Cynthia et Adam Morey sont jeunes et très amoureux. Ils se marient, ont deux enfants assez vite et deviennent très très riches. C'est l'évolution de cette famille américaine sur plusieurs années que Jonathan Dee nous invite à lire, évolution sans anicroches ou presque. Si les Morey sont riches, ils ne sont pour autant des "m'as-tu-vu". L'argent, ici, n'a qu'un but : se protéger, protéger les siens, enlever tous les petits ou gros cailloux qui pourraient se trouver sur le chemin et s'il faut détourner la loi de temps en temps pour y parvenir, ce n'est pas bien grave... Quant aux émotions, quelles qu'elles soient, il faut s'en protéger, à tout prix.

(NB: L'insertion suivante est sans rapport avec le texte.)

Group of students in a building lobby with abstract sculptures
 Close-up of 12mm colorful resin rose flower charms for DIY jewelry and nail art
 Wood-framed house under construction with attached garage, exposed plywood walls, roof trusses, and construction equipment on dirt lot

J'ai lu ce bouquin avec intérêt. J'ai attendu la petite morale, la leçon que Jonathan Dee allait infliger à ses personnages, j'ai attendu patiemment la décadence qui suit forcément la grandeur, la grosse claque, quoi. J'en ai été pour mes frais. En fait de claques, les Morey reçoivent au mieux quelques giflettes dont ils se relèvent assez vite. J'ai beaucoup cru en Jonas, le fils, bon, honnête, artiste, celui que dégoûte le fric, celui qui allait mettre un peu d'humanité dans tout ça. Là aussi j'en ai été pour mes frais.
J'ai aimé ce livre, original et bien fichu, mais il m'a manqué le petit supplément d'âme, le truc qui nous fait nous attacher aux personnages, souffrir avec eux. Curieux roman, "Les privilèges" ne délivre aucune leçon et s'attache simplement à montrer, avec une belle ironie, que les riches s'en sortent toujours. La fin, d'un cynisme absolu, est extraordinaire.
"[...] on ne pouvait pas se contenter de ne rien faire. Il ne suffisait pas de croire en son avenir, il fallait s'emparer de son avenir, le hisser hors du fleuve du temps, et, ce faisant, on rompait avec les légions de béni-oui-oui tristes et pathétiques qui croyaient que le monde était leur patrimoine."